Please do not be discouraged. Note that:

- we are very interested in Aboriginal - it's great work!
- we (as well as some of our customers) recognise the need to maintain 
permissively licensed, boot-strappable toolchain software over the long 
term
- we would have preferred to build on your established GPLv2 approach, 
but as you say, various upstreams are now breaking... which will 
ultimately close that path.

> Rich is doing a new GPLv3 toolchain at
> https://github.com/richfelker/musl-cross make and good luck with that 
> too.
>
> But I will never distribute a binary GPLv3 program in a hobbyist
> context. If a corporation wants to stand up and take the legal 
> liability
> and pay me to do it on their behalf as an employee so THEY are the 
> one
> getting sued, fine. But I'm not doing it as me ever. (Keep in mind I
> outwaited AOL and Windows, and am in the process of outwaiting 
> facebook.
> The sun only has so much hydrogen, I am waiting for GPLv3 to go away 
> and
> working to build public domain alternatives to it.)
>
> Defending GPLv2 against GPLv3 was always a stopgap measure, the 
> proper
> fix is for GPL to go away entirely and be replaced by licensing 
> closer
> to the public domain. (I.E. the FSF probably outlive Richard 
> Stallman,
> and the best thing I can do is work towards obsoleting them.)
>
> I've been playing a little with LLVM, maybe I should do more of that,
> but it's a giant hairball nightmare written in C++  and I don't 
> really
> WANT to have anything to do with it. The only advantage is it's not
> FSF-maintained GPLv3 crap.
>
> I still need to use this to test toybox, but to be honest I can stay 
> on
> linux 4.3 for years doing that. Nobody makes binary native 
> toolchains,
> but maybe I can make puppy eyes at Rich about that, and if not... 
> I've
> got my old ones building under my old kernel and when I'm ready to 
> open
> the AOSP can of worms they build under LLVM anyway.
>
> Bootstrapping debian would be nice, but I'm not sure anybody under 
> the
> age of 40 still cares about non-Android Linux? Heck, even most of the
> android developers are using windows and mac hosts. No seriously,
> there's numbers:
>
>   http://stackoverflow.com/research/developer-survey-2015#tech-os

I'm not sure winning the popularity contests matters much, really :)

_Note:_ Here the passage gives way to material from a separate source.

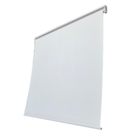 Persiana Rolo Blackout Robust Branca 160 (l) X 160 (a) Cm 100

In any case, let's avoid monoculture and encourage diversity.

> Sigh. I _can_ fix everything that's currently wrong with the old
> toolchains (although it's probably a couple weeks of debugging, 
> that's
> just what I _know_ about). Or I could ask Rich to do native 
> toolchains,
> make a really small shell script to build and paclage a toybox
> userspace, and move on with my life. I'm sticking on Ubuntu 14.04 
> (last
> non-systemd LTS version) until it's end of lifed, which gives me a
> deadline to get a working self-hosting android workstation working...
>
> Anybody else care to venture an opinion?

For gcc+binutils, the tide seems to be against us.

While android is fine for various scenarios, we'd prefer to support a 
route with a broader sponsor base.

Would you be interested in collaboration to move forward with 
Aboriginal on all possible architectures using clang + musl?